### Introduction
One of the most important problems in the [challange to predict malware](https://www.kaggle.com/c/microsoft-malware-prediction) is to find an validation dataset that represents the test. As many commented in the [discussions](http://https://www.kaggle.com/c/microsoft-malware-prediction/discussion/75087), the data for this competition is quite diferent from the train dataset to the test. This kernel has some feature engenieering and adversarial validation made by me and [DimitreOliveira](https://www.kaggle.com/dimitreoliveira) to deal with that problem.

#### **Table of contents**
1. [Simplification of version related features](#Simplification-of-version-related-features);
2. [Encoding](#Encoding);
3. [Adversarial Validation](#Adversarial-Validation).

In [1]:
import dask
import dask.dataframe as dd
import warnings
import datetime
import numpy as np
import pandas as pd
import seaborn as sns
import matplotlib.pyplot as plt
import category_encoders as ce
from sklearn.ensemble import RandomForestClassifier
from sklearn.model_selection import train_test_split, KFold
from sklearn.metrics import confusion_matrix, classification_report, accuracy_score, recall_score, precision_score, f1_score
import xgboost as xgb

%matplotlib inline
sns.set(style="whitegrid")
warnings.filterwarnings("ignore")
pd.set_option('display.float_format', lambda x: '%.2f' % x)

In [2]:
dtypes = {
        'MachineIdentifier':                                    'category',
        'AVProductsInstalled':                                  'float16',
        'AVProductsEnabled':                                    'float16',
        'IsProtected':                                          'float16',
        'Census_ProcessorCoreCount':                            'float16',
        'Census_SystemVolumeTotalCapacity':                     'float32',
        'Census_IsAlwaysOnAlwaysConnectedCapable':              'float16',
        'Wdft_IsGamer':                                         'float16',
        'AvSigVersion':                                         'category',
        'OsBuildLab':                                           'category',
        'Census_OSVersion':                                     'category',
        'AppVersion':                                           'category',
        'EngineVersion':                                        'category',
        'Census_PowerPlatformRoleName':                         'category',
        'OsPlatformSubRelease':                                 'category',
        'Census_OSInstallTypeName':                             'category',
        'SkuEdition':                                           'category',
        'Census_ActivationChannel':                             'category',
        'Census_OSWUAutoUpdateOptionsName':                     'category',
        'ProductName':                                          'category',
        'Platform':                                             'category',
        'Census_PrimaryDiskTypeName':                           'category',
        'Census_DeviceFamily':                                  'category',
        'Census_OSArchitecture':                                'category',
        'Processor':                                            'category',
        'HasDetections':                                        'int8'
        }

label = ['HasDetections']

ids = ['MachineIdentifier']

numerical_features = ['AVProductsEnabled', 'AVProductsInstalled', 
                      'Census_ProcessorCoreCount', 'Census_SystemVolumeTotalCapacity']

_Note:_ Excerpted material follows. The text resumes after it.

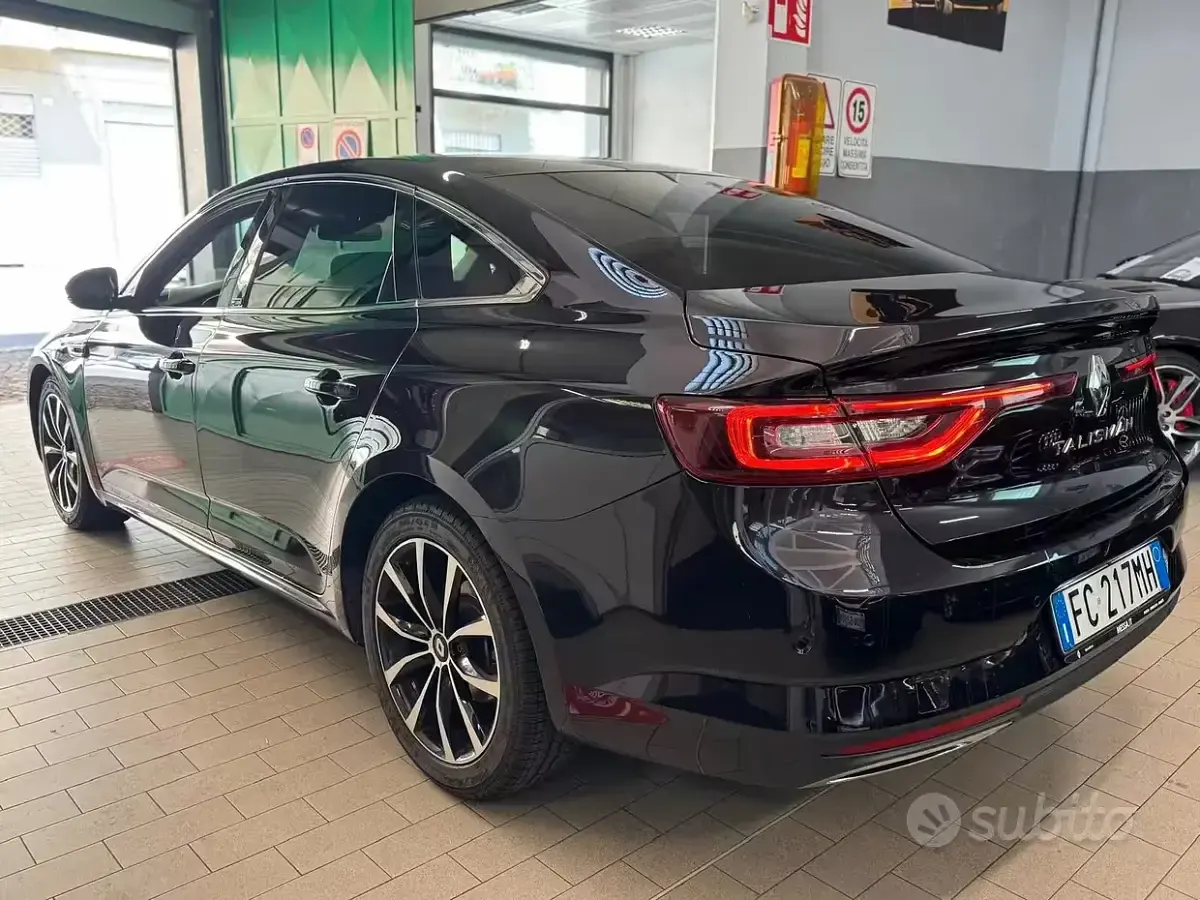Usata Renault Talisman Initiale Paris 160 CV (117 kW) 2016 Viola Berlina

binary_features = ['Census_IsAlwaysOnAlwaysConnectedCapable', 'IsProtected', 'Wdft_IsGamer']

version_features = ['AvSigVersion', 'OsBuildLab', 'Census_OSVersion', 'AppVersion', 'EngineVersion']

# < 10 categories
low_cardinality_features = ['Census_PowerPlatformRoleName', 'OsPlatformSubRelease', 
                            'Census_OSInstallTypeName', 'SkuEdition', 'Census_ActivationChannel', 
                            'Census_OSWUAutoUpdateOptionsName', 'ProductName', 
                            'Platform', 'Census_PrimaryDiskTypeName', 'Census_DeviceFamily', 
                            'Census_OSArchitecture', 'Processor']

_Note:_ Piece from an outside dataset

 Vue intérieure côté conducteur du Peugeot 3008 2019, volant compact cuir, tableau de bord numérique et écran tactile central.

use_columns = numerical_features + binary_features + version_features + low_cardinality_features

### Load data

I reduced the size so it could run on Kaggle, I run it locally with all the data.

In [3]:
train = pd.read_csv('../input/microsoft-malware-prediction/train.csv', dtype=dtypes, usecols=(use_columns + label), nrows=1000000)
print(train.shape)

(1000000, 25)


## Simplification of version related features
### Reduce granularity on version features

In [4]:
for feature in version_features:
    if feature in ['EngineVersion']:
        train[feature] = train[feature].apply(lambda x : ".".join(x.split('.')[:3]))
    elif feature in ['OsBuildLab']:
        train[feature] = train[feature].apply(lambda x : ".".join(x.split('.')[:1]))
    else:
        train[feature] = train[feature].apply(lambda x : ".".join(x.split('.')[:2]))

In [5]:
# Remove rows with NA
train.dropna(inplace=True)

## Encoding

From analysing a different number of encoders (One hot, Hash, frequency, binary), the one with best results was the Target Encoder.

In [6]:
Y_train = train[label]
X_train = train.drop(label, axis = 1)

encoder = ce.TargetEncoder(cols=(version_features + low_cardinality_features))
encoder.fit(X_train, Y_train)
X_train = encoder.fit_transform(X_train.reset_index(), Y_train)

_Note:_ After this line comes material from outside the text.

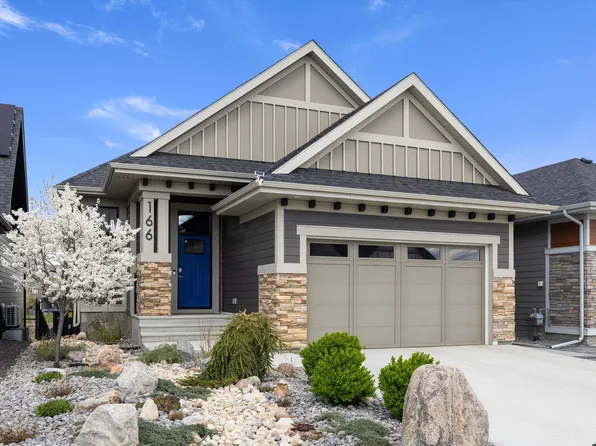 166 Edgewater Cir, Leduc, AB T9E 1K5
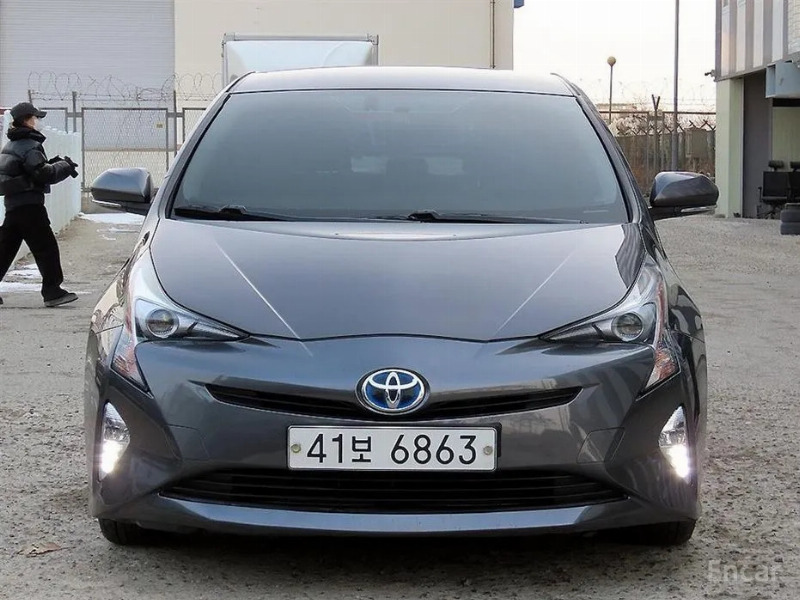 car Toyota Prius id44022 main photo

### Fill missing values with mean
The values will be filled with the mean value, since it's the base to our encoder.

In [7]:
X_train.fillna(X_train.mean(), inplace=True)

## Adversarial Validation
When looking at different kinds techniques to avoid overfitting, the one that is most fit to our problems is Adversarial Validation. Which gives us probabilities of a given row from a train dataset to belong to the test dataset.

* *References: [Improve Your Model Performance using Cross Validation (in Python and R)](https://www.analyticsvidhya.com/blog/2018/05/improve-model-performance-cross-validation-in-python-r/)*

In [8]:
test = dd.read_csv('../input/microsoft-malware-prediction/test.csv', dtype=dtypes, usecols=(use_columns + ids)).compute()

In [9]:
test.drop('MachineIdentifier',axis=1, inplace=True)

In [10]:
for feature in version_features:
    if feature in ['EngineVersion']:
        test[feature] = test[feature].apply(lambda x : ".".join(x.split('.')[:3]))
    elif feature in ['OsBuildLab']:
        test[feature] = test[feature].apply(lambda x : ".".join(x.split('.')[:1]))
    else:
        test[feature] = test[feature].apply(lambda x : ".".join(x.split('.')[:2]))
        
test = encoder.transform(test.reset_index())

In [11]:
test.drop('index', axis = 1, inplace = True)
X_train.drop('index', axis = 1, inplace = True)
test['is_train'] = 0
X_train['is_train'] = 1

In [17]:
df = pd.concat([X_train, test], axis = 0)
df.describe()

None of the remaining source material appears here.